Dragonhawk, I believe that our mental and physical well-being is most important to properly be able to care for our little ones. So you definitely made the right decision, I also pumped and supplemented with bm until a few days ago when I saw that drops where coming and that was it. Lots of hugs hun!
 
Mrs POP I'm sorry to hear about your mum and her PE, I hope she's as ok as she can be :hugs: Thank you again for creating this thread, I wish I had found it 3 months ago.

I had always planned to BF, went to classes, read books, didn't buy bottles/formula/steriliser as I wanted to give myself the best chance. Sadly a cat 1 c-sec under a general anaesthetic, anaemia, mastitis, and my LO having an undiagnosed tongue-tie made that all pretty impossible for us.

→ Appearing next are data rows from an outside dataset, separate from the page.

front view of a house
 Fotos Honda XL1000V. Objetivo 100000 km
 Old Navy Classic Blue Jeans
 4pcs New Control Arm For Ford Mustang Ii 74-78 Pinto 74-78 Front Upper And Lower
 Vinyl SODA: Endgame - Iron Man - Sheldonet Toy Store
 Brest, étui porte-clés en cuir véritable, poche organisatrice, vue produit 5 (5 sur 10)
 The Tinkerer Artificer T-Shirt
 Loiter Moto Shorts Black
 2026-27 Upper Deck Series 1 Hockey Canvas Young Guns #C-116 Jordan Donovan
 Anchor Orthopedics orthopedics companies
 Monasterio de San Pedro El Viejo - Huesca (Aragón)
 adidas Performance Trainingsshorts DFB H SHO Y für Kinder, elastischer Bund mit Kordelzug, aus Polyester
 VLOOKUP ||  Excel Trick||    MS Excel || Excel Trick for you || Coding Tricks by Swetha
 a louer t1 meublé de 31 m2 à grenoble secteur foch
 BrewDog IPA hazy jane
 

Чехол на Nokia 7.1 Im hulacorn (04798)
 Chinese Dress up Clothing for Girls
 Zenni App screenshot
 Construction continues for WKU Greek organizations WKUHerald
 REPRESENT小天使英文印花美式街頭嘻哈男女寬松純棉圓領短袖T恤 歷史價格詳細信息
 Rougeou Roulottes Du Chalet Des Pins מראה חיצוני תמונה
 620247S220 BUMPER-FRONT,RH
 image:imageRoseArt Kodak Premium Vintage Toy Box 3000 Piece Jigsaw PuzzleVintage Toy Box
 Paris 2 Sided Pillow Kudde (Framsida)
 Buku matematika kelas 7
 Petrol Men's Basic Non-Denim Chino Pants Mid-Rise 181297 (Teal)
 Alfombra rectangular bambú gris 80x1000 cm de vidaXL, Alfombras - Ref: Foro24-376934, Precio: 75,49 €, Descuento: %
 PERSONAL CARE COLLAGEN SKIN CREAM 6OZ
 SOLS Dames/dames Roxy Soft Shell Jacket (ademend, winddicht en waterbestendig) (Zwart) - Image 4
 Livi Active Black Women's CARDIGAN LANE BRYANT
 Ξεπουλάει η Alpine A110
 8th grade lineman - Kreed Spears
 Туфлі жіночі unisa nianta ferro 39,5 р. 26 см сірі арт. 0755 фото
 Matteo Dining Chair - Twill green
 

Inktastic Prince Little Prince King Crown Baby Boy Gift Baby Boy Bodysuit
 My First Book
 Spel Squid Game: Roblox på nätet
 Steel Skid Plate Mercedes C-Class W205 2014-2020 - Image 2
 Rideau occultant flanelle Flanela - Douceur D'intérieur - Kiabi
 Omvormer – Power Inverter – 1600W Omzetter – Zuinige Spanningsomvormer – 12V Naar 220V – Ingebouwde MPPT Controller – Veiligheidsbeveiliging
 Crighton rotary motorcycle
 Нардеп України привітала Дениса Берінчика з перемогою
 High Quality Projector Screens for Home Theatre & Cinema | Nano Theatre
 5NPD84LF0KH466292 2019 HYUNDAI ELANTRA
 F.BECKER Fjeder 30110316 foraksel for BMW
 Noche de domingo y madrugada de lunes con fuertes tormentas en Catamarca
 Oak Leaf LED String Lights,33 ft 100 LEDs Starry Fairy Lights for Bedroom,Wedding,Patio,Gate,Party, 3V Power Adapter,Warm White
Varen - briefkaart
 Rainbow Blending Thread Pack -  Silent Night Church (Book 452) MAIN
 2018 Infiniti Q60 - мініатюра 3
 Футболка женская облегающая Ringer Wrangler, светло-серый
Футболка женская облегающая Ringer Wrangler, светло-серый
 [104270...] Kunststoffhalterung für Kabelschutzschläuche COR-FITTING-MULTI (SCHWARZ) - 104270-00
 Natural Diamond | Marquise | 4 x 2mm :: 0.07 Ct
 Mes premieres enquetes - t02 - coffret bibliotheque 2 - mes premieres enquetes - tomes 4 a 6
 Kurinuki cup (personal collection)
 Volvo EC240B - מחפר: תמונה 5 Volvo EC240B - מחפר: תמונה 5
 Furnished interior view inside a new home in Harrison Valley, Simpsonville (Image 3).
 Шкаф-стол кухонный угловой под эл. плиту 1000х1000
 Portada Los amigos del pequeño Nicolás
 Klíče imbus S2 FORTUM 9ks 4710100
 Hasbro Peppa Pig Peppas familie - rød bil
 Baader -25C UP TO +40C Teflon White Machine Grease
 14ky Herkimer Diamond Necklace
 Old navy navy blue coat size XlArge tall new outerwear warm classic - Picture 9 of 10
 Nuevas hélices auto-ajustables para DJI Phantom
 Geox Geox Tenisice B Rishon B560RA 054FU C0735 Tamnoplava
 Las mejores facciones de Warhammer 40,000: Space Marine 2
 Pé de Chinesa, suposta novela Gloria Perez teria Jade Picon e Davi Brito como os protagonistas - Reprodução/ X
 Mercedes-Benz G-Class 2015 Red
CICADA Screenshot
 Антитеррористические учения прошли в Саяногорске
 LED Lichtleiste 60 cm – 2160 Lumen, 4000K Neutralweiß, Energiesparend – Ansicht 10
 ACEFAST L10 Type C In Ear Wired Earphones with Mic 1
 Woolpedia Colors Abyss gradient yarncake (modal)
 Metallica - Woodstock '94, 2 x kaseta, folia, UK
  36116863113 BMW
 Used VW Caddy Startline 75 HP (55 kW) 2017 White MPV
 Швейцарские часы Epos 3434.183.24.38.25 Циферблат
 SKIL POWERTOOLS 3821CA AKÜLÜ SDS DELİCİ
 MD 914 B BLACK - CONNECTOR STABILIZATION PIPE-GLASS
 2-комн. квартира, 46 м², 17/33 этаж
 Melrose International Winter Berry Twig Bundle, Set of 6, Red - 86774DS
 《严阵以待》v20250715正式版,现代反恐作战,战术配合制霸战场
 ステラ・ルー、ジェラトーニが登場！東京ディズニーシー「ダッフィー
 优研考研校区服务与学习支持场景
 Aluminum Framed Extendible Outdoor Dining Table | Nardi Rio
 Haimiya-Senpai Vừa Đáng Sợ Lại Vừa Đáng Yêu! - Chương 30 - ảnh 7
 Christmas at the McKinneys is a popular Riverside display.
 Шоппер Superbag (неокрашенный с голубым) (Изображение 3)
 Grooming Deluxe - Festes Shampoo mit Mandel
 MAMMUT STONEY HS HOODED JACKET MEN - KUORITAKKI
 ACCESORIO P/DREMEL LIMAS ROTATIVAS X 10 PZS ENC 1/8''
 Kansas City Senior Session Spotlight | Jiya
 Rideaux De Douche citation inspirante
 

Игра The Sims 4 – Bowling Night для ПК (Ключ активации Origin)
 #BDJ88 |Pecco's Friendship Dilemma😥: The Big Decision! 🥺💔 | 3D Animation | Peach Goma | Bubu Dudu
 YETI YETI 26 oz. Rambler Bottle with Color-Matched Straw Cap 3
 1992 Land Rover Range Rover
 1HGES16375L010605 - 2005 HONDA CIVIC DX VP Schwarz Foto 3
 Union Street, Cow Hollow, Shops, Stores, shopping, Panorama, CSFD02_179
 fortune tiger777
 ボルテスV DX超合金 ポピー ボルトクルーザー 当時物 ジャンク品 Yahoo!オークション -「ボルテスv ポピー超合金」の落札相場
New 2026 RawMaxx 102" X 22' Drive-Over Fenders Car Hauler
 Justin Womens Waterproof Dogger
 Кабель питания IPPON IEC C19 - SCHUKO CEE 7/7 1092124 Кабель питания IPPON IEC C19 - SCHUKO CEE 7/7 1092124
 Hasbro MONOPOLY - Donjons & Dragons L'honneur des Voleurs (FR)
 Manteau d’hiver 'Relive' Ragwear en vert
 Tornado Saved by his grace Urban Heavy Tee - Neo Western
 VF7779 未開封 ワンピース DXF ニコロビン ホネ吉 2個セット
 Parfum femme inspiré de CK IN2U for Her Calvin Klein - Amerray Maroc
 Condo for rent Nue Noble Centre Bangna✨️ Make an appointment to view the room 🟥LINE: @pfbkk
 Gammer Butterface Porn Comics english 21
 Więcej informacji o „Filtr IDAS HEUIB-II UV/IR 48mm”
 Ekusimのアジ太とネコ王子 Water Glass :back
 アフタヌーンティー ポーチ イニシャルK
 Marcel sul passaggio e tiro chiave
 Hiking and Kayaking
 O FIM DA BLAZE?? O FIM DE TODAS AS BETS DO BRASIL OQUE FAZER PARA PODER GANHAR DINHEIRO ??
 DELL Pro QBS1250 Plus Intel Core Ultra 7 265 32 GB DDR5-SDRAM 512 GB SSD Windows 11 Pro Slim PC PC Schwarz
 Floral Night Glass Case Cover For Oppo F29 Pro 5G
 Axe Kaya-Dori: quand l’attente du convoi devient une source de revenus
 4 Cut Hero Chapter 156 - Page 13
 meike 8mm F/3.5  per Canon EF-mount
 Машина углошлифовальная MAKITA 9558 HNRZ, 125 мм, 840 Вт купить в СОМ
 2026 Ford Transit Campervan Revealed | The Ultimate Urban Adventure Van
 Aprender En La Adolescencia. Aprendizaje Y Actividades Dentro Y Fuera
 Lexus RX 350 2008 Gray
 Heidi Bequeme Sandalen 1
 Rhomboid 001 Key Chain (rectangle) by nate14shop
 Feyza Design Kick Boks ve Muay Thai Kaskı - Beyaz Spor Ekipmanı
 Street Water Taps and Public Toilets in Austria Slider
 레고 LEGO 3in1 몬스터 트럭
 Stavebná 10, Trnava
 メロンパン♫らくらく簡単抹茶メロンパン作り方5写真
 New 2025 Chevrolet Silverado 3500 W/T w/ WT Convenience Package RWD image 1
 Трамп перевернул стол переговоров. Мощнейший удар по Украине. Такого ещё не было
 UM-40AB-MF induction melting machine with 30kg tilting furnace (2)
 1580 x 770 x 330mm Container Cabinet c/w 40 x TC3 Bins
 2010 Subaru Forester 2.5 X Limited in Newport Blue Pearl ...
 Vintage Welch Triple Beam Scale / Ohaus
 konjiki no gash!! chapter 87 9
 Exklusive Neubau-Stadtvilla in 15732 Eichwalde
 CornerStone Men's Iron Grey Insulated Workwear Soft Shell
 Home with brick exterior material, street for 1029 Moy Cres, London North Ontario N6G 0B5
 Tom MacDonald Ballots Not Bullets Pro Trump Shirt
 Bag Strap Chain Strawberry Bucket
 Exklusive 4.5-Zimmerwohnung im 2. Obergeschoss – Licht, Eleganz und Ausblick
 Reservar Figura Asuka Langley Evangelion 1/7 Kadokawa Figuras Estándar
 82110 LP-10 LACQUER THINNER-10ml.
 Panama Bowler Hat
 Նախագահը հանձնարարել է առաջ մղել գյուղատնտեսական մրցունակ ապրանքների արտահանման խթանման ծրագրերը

I tried so freaking hard, my nipples were cracked and bleeding and despite asking constantly "is this normal" I got told the extreme pain I felt when breast feeding was. Things got to a breaking point when my daughter was a week old and I was hugely engorged and she was struggling to feed. I was told to express off some of the milk and use nipple shields. I got a lactation consultant in, she snipped the tongue tie but at this point I was getting really ill with mastitis. Then I had a "charming" male mw come out and tell me because I had to supplement with formula that day, I wasn't trying hard enough. I was on the verge of a nervous breakdown at this point, My DH nearly threw him out.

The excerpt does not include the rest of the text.